FRANKFURT/WASHINGTON (Reuters) - Bayer (BAYGn.DE) won U.S. approval for its planned takeover of Monsanto MON.N after agreeing to sell about $9 billion in assets, clearing a major hurdle for the $62.5 billion deal that will create by far the largest seeds and pesticides maker.
Makan Delrahim, who heads the U.S. Justice Department’s (DoJ) Antitrust Division, said the asset sales agreed to by Bayer were the “largest ever divestiture ever required by the United States.”
A Bayer spokesman said the planned sale of businesses with 2.2 billion euros ($2.54 billion) in sales to BASF already agreed to address antitrust concerns, mainly in Europe, were not materially different from the DoJ’s demands.
“Receipt of the DOJ’s approval brings us close to our goal of creating a leading company in agriculture,” Bayer CEO Werner Baumann said in a statement.
Shares in Bayer jumped to the top of Germany's DAX .GDAXI index in early Wednesday trading and were trading up 2.8 percent at 101.6 euros by 0833 GMT.
Bernstein analysts said the DoJ approval made it possible for Bayer to close the Monsanto deal by the end of June.
After months of delays in a drawn-out review process the ruling brings Bayer close to creating an agricultural supplies giant with sales of about 20 billion euros, based on 2017 figures, when taking into account the divestments.
At current foreign exchange rates, that compares to about 12.4 billion euros at DowDuPont’s (DWDP.N) Corteva Agriscience unit, 11 billion euros at ChemChina’s Syngenta and 7.9 billion at BASF, including businesses to be acquired.
Bayer’s move to combine its crop chemicals business, the world’s second-largest after Syngenta AG SYNN.S, with Monsanto’s industry-leading seeds business, is the latest in a series of major agrochemicals tie-ups. U.S. chemicals giants Dow Chemical (DOW.N) and DuPont merged in September 2017 and are now in the process of splitting into three units. In other consolidation in the sector, China’s state-owned ChemChina purchased Syngenta and two huge Canadian fertilizer producers merged to form a new company, now called Nutrien (NTR.TO). Bayer committed to selling its entire cotton, canola, soybean and vegetable seeds businesses and digital farming business, as well its Liberty herbicide, which competes with Monsanto’s Roundup.
Under agreements with European and other antitrust enforcers, Bayer agreed to sell assets with revenues of 2.2 billion euros ($2.6 billion), to rival BASF (BASFn.DE) for 7.6 billion euros.
Bayer said in a statement it expected Bayer and Monsanto to begin the integration process as soon as the sales to BASF are complete, which it said are expected to take two months to complete.
If Bayer does not close the deal by June 14, Monsanto could withdraw from the takeover agreement and seek a higher price.
It has already secured the go-ahead from key jurisdictions, including the European Union, Brazil and Russia. Apart from the United States, it still needs clearance in Canada and Mexico.
In a separate statement, Bayer said on Tuesday said the European Commission had approved BASF as a suitable buyer of the businesses to be divested.
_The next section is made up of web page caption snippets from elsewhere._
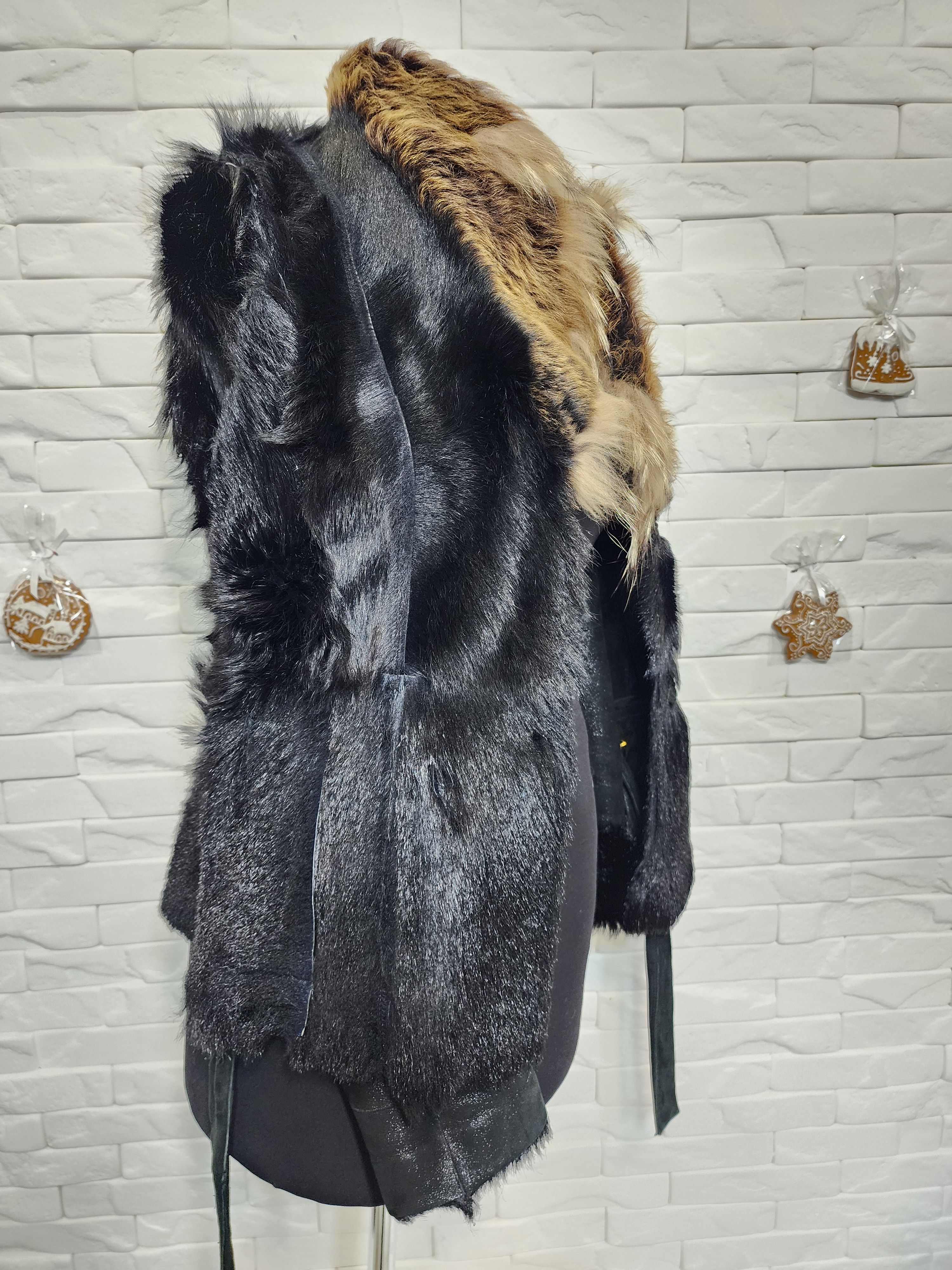 Furla Black Sheepskin Coat: Genuine Fur Collar, Belted Winter Coat Size M / US 6-8 / IT 42-44 - 9 Thumbnail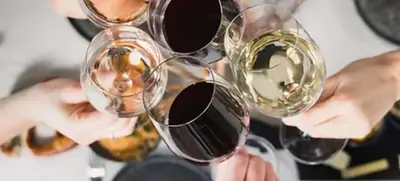 Foto von Craft-Käse und Weintasting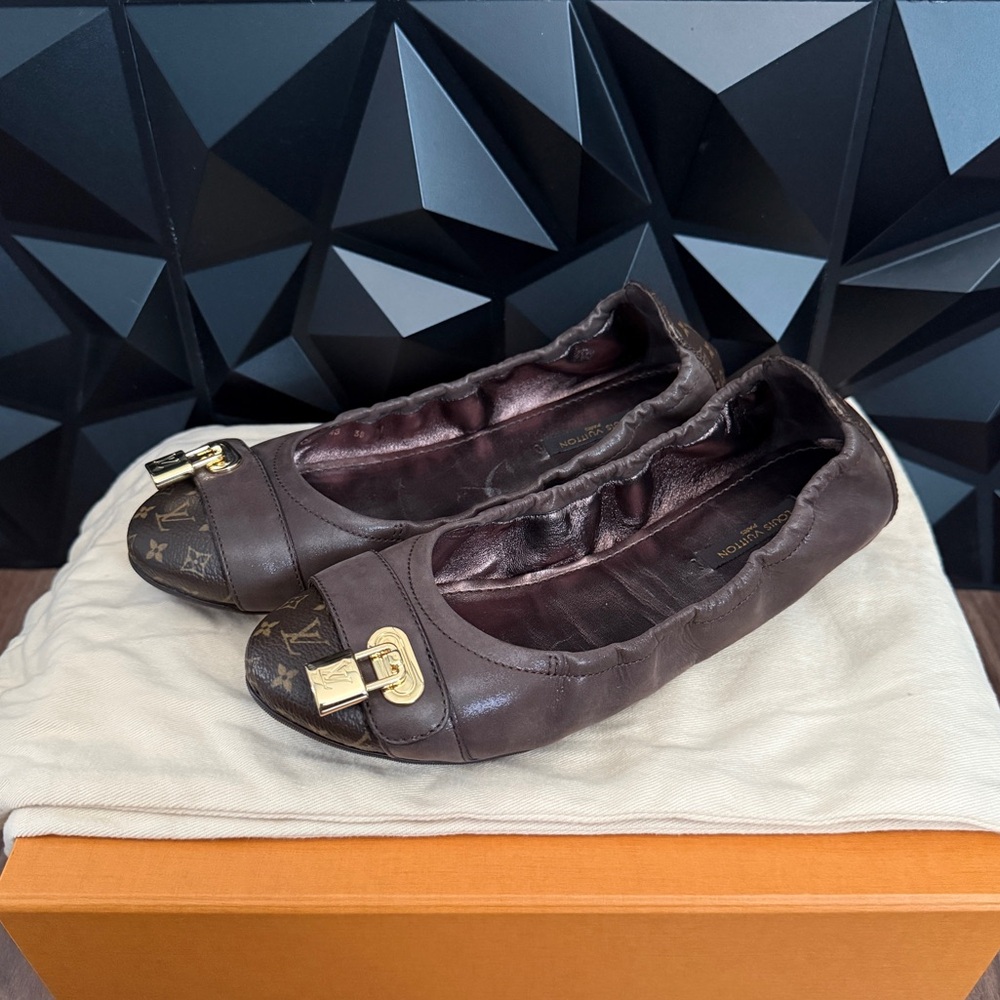 Louis Vuitton Scrunch Ballet Flats size 38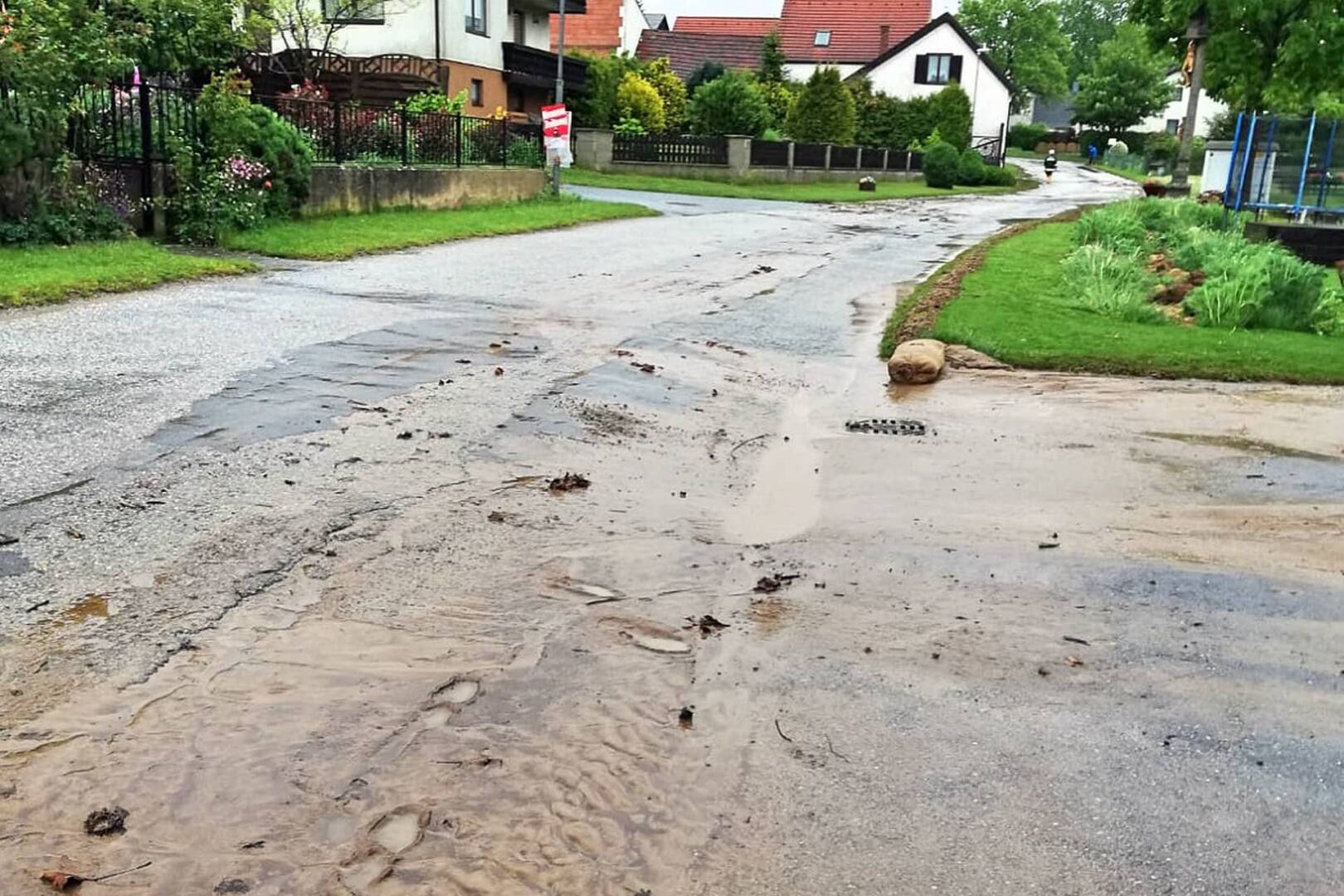 BFK Waidhofen/Thaya: Kaltfront sorgte für Unwettereinsätze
German seed seller KWS Saat (KWSG.DE), which had made an eleventh-hour bid for Bayer’s vegetable seed business, said on Wednesday it accepted the Commission’s decision.
Bayer last week said synergies from folding Monsanto into its organization would be about $300 million below its previous target because it will have to sell more businesses than initially expected.